§ **TASK PROMPT**: All the data below goes into the copy word for word, but the pictures don't.

§ **DATA SHOWN**:
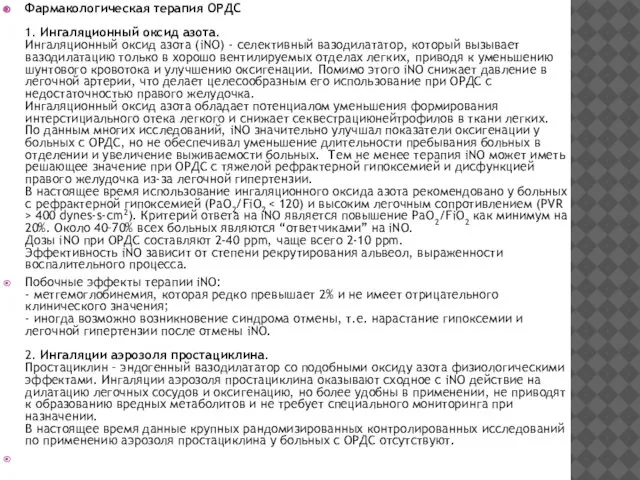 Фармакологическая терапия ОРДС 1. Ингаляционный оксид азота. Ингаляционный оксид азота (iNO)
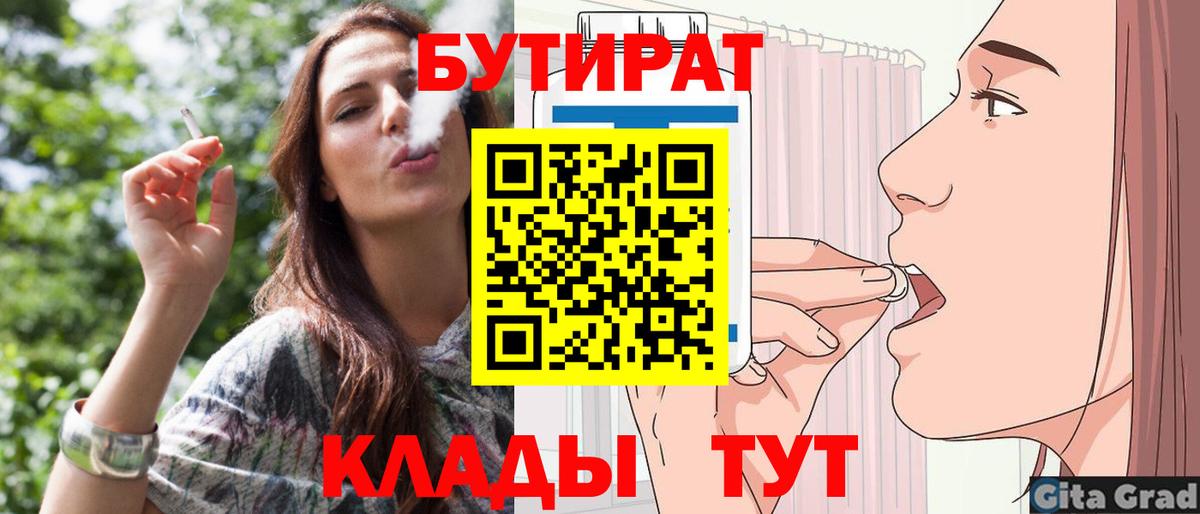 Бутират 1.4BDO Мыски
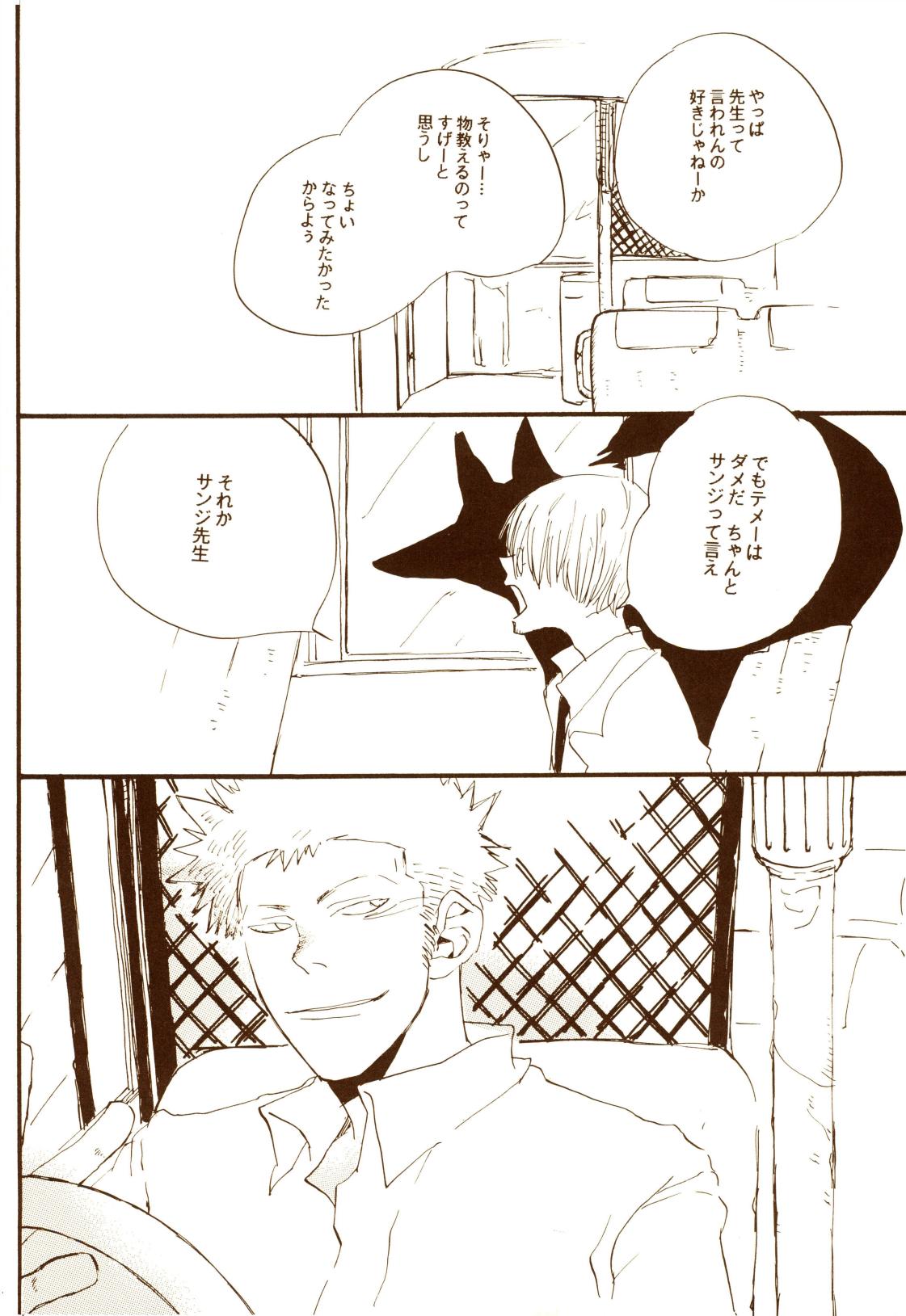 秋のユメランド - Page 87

§ **OUTPUT BELOW**:
 Фармакологическая терапия ОРДС 1. Ингаляционный оксид азота. Ингаляционный оксид азота (iNO)
 Бутират 1.4BDO Мыски
 秋のユメランド - Page 87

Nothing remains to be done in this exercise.